Wegen der Gegenwart des Gedankenjustierers in eurem Verstand ist es für euch kein größeres Geheimnis, Gottes Gedanken zu kennen, als die Sicherheit zu haben, euch irgendeines anderen, ob menschlichen oder übermenschlichen, Verstandes bewusst zu sein. Religion und soziales Bewusstsein haben dieses gemeinsam: Sie fußen auf dem Bewusstsein der Mentalität anderer. Die Technik, durch welche ihr die Idee eines anderen als die eure annehmen könnt, ist dieselbe wie jene, durch welche ihr „das Denken, das in Christus war, auch in euch wohnen lassen“ könnt.

102:4.2

Was ist denn menschliche Erfahrung? Es ist ganz einfach die Wechselwir­kung zwischen einem aktiven und forschenden Selbst und irgendeiner anderen aktiven äußeren Realität. Die Masse der Erfahrung wird bestimmt durch die Tiefe der Vorstellung zuzüglich der gesamten Wahrnehmung der äußeren Realität. Die Bewegung der Erfahrung ist gleich der Kraft erwartungsvollen Vorstellungsvermögens zuzüglich der Schärfe sensorischer Entdeckung der äußeren Eigenschaften der kontaktierten Realität. Die Tatsache der Erfahrung liegt im Selbstbewusstsein zuzüglich anderer Wesenheit – anderer Dinglichkeit, anderer Gedanklichkeit und anderer Geistigkeit.

102:4.3

Der Mensch wird sich sehr früh bewusst, dass er in der Welt oder im Universum nicht allein ist.
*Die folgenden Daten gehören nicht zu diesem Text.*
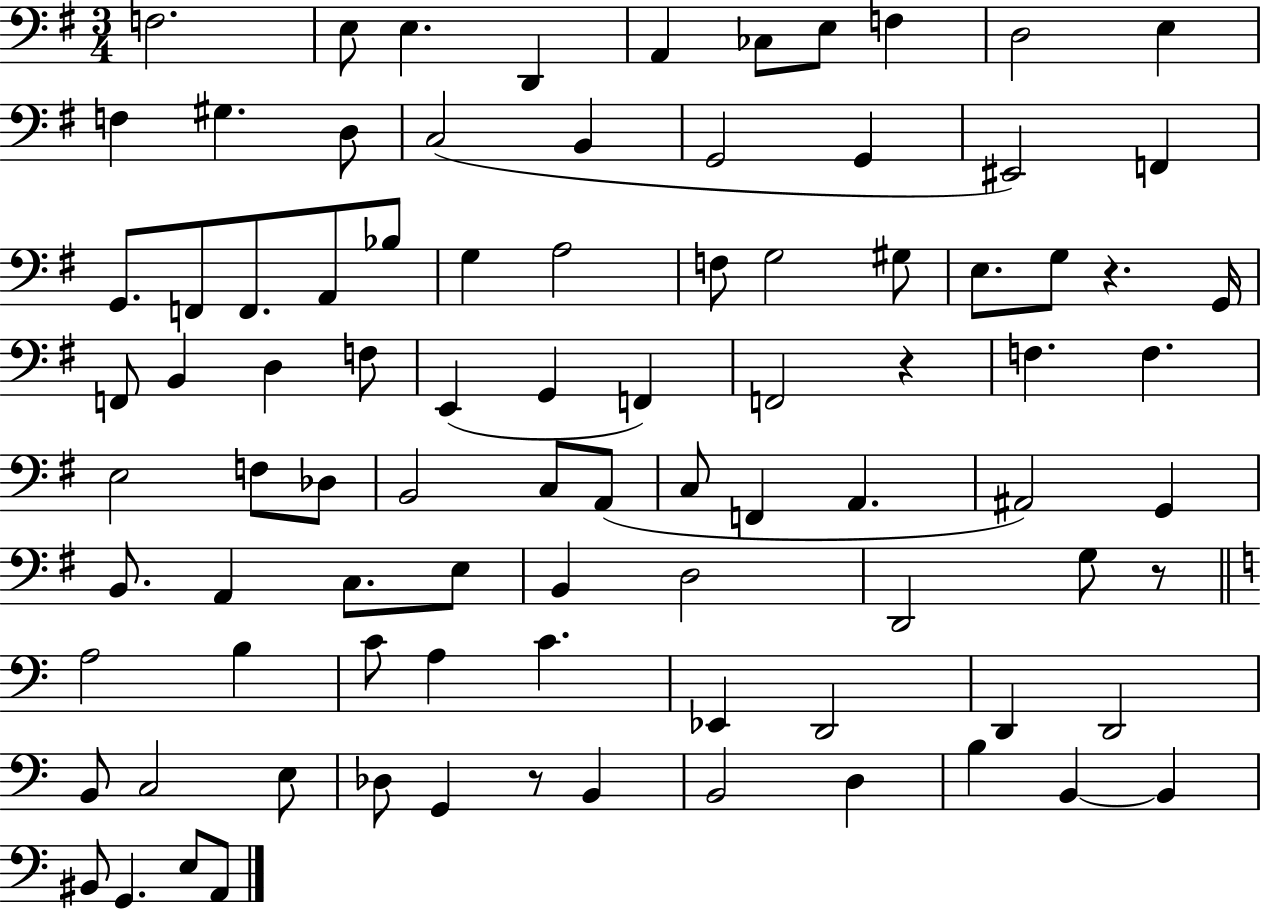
X:1
T:Untitled
M:3/4
L:1/4
K:G
F,2 E,/2 E, D,, A,, _C,/2 E,/2 F, D,2 E, F, ^G, D,/2 C,2 B,, G,,2 G,, ^E,,2 F,, G,,/2 F,,/2 F,,/2 A,,/2 _B,/2 G, A,2 F,/2 G,2 ^G,/2 E,/2 G,/2 z G,,/4 F,,/2 B,, D, F,/2 E,, G,, F,, F,,2 z F, F, E,2 F,/2 _D,/2 B,,2 C,/2 A,,/2 C,/2 F,, A,, ^A,,2 G,, B,,/2 A,, C,/2 E,/2 B,, D,2 D,,2 G,/2 z/2 A,2 B, C/2 A, C _E,, D,,2 D,, D,,2 B,,/2 C,2 E,/2 _D,/2 G,, z/2 B,, B,,2 D, B, B,, B,, ^B,,/2 G,, E,/2 A,,/2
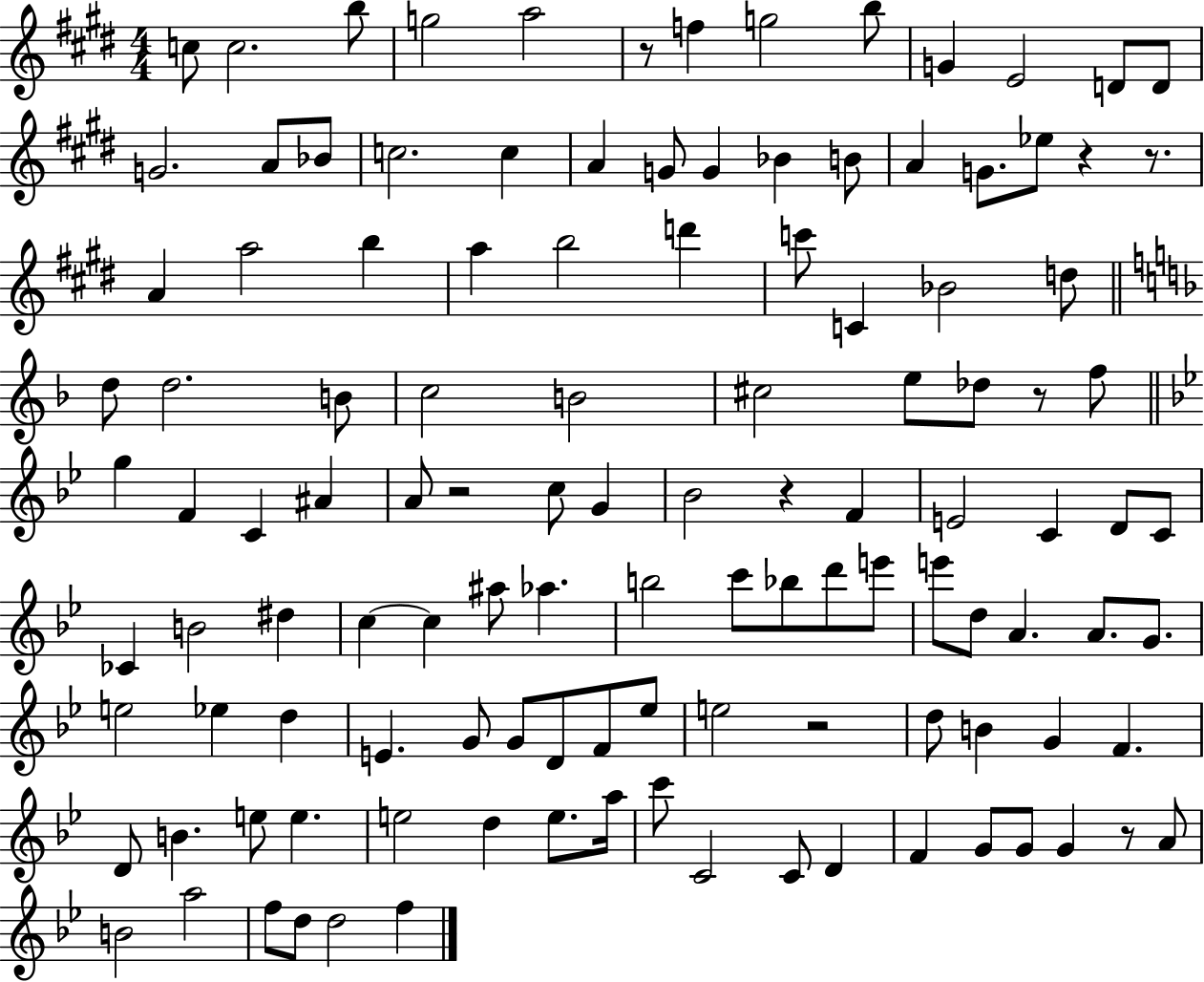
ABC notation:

X:1
T:Untitled
M:4/4
L:1/4
K:E
c/2 c2 b/2 g2 a2 z/2 f g2 b/2 G E2 D/2 D/2 G2 A/2 _B/2 c2 c A G/2 G _B B/2 A G/2 _e/2 z z/2 A a2 b a b2 d' c'/2 C _B2 d/2 d/2 d2 B/2 c2 B2 ^c2 e/2 _d/2 z/2 f/2 g F C ^A A/2 z2 c/2 G _B2 z F E2 C D/2 C/2 _C B2 ^d c c ^a/2 _a b2 c'/2 _b/2 d'/2 e'/2 e'/2 d/2 A A/2 G/2 e2 _e d E G/2 G/2 D/2 F/2 _e/2 e2 z2 d/2 B G F D/2 B e/2 e e2 d e/2 a/4 c'/2 C2 C/2 D F G/2 G/2 G z/2 A/2 B2 a2 f/2 d/2 d2 f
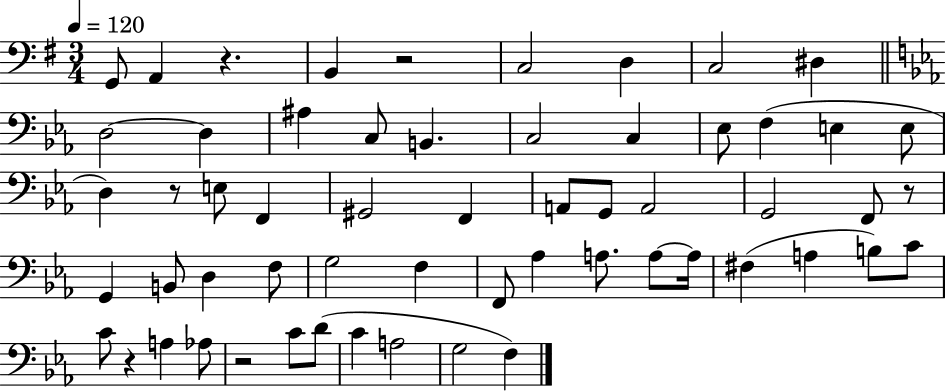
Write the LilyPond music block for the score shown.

{
  \clef bass
  \numericTimeSignature
  \time 3/4
  \key g \major
  \tempo 4 = 120
  \repeat volta 2 { g,8 a,4 r4. | b,4 r2 | c2 d4 | c2 dis4 | \break \bar "||" \break \key ees \major d2~~ d4 | ais4 c8 b,4. | c2 c4 | ees8 f4( e4 e8 | \break d4) r8 e8 f,4 | gis,2 f,4 | a,8 g,8 a,2 | g,2 f,8 r8 | \break g,4 b,8 d4 f8 | g2 f4 | f,8 aes4 a8. a8~~ a16 | fis4( a4 b8) c'8 | \break c'8 r4 a4 aes8 | r2 c'8 d'8( | c'4 a2 | g2 f4) | \break } \bar "|."
}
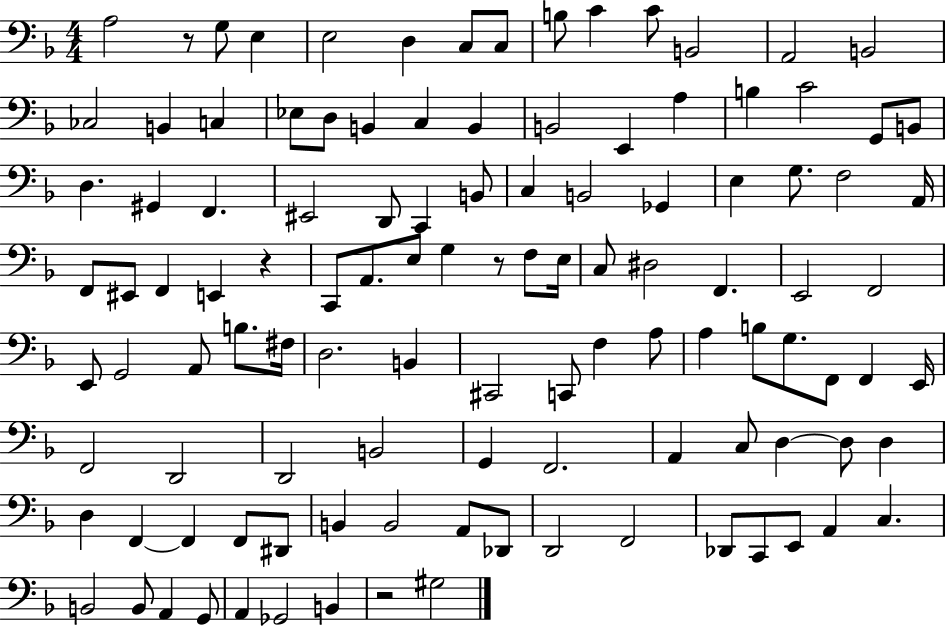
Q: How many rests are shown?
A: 4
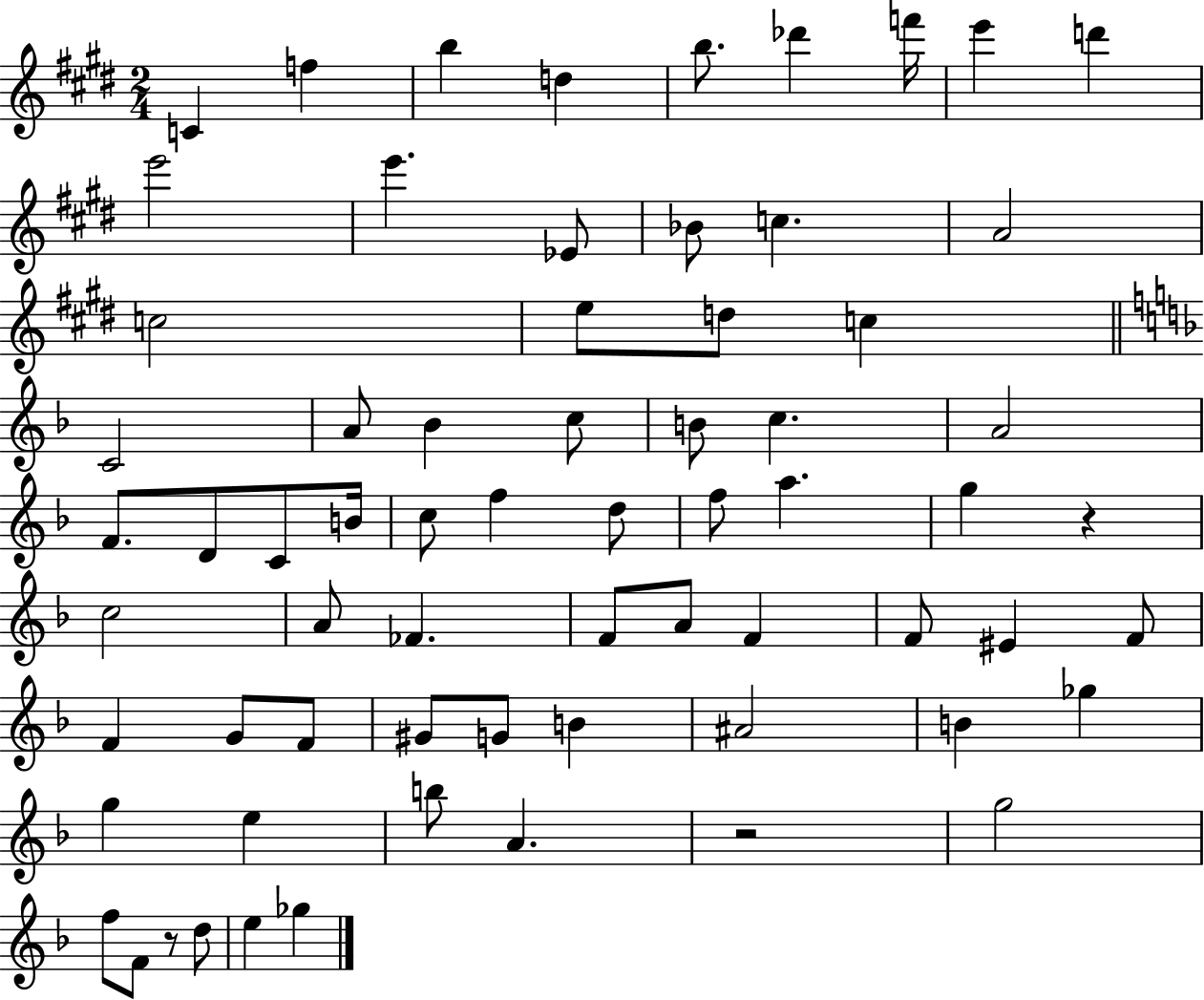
C4/q F5/q B5/q D5/q B5/e. Db6/q F6/s E6/q D6/q E6/h E6/q. Eb4/e Bb4/e C5/q. A4/h C5/h E5/e D5/e C5/q C4/h A4/e Bb4/q C5/e B4/e C5/q. A4/h F4/e. D4/e C4/e B4/s C5/e F5/q D5/e F5/e A5/q. G5/q R/q C5/h A4/e FES4/q. F4/e A4/e F4/q F4/e EIS4/q F4/e F4/q G4/e F4/e G#4/e G4/e B4/q A#4/h B4/q Gb5/q G5/q E5/q B5/e A4/q. R/h G5/h F5/e F4/e R/e D5/e E5/q Gb5/q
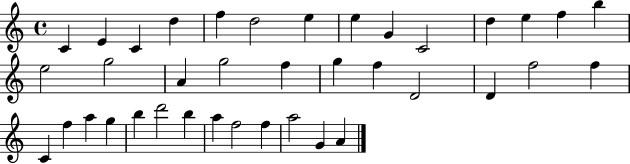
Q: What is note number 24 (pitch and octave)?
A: F5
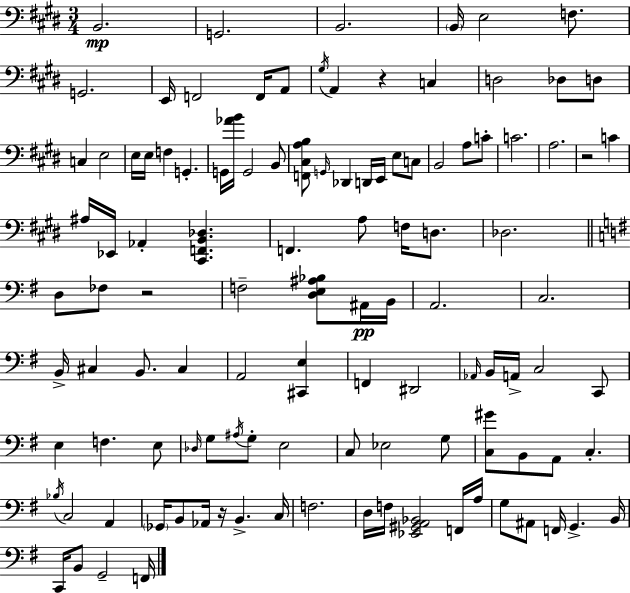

Er entwickelt ein natürliches spontanes Bewusstsein andersgearteter Gedanklichkeit im Umfeld seines Selbst. Der Glaube überträgt diese natürliche Erfahrung auf die Religion, die Wahrnehmung Gottes als der Realität – Quelle, Wesen und Endbestimmung – aller anderen Gedanklichkeit. Aber eine derartige Kenntnis Gottes ist immer und ewig eine Realität persönlicher Erfahrung. Wenn Gott keine Persönlichkeit wäre, könnte er kein lebendiger Teil der realen religiösen Erfahrung einer menschlichen Persönlichkeit werden.

102:4.4

Der in menschlicher religiöser Erfahrung vorhandene Anteil des Irrtums verhält sich direkt proportional zum materialistischen Inhalt, der das geistige Konzept des Universalen Vaters trübt. Der vorgeistige Fortschritt des Menschen im Universum besteht in der Erfahrung, sich dieser irrigen Ideen über Gottes Natur und die Realität reinen und wahren Geistes zu entledigen. Die Gottheit ist mehr als Geist, aber die geistige Annäherung ist die dem aufsteigenden Menschen einzig mögliche.

102:4.5

Allerdings gehört das Gebet zur religiösen Erfahrung, aber die modernen Religionen haben fälschlicherweise unter starker Vernachlässigung der weit wesentlicheren Verbindung mit Gott in der Anbetung den Hauptakzent auf das Gebet gelegt. Die das Nachdenken fördernden Verstandeskräfte vertiefen und weiten sich in der Anbetung. Wohl bereichert Beten das Leben, aber Anbetung erhellt die Bestimmung.

102:4.6

Offenbarte Religion ist das einigende Element der menschlichen Existenz. Offenbarung eint Geschichte, koordiniert Geologie, Astronomie, Physik, Chemie, Biologie, Soziologie und Psychologie. Geistige Erfahrung ist die wahre Seele des menschlichen Kosmos.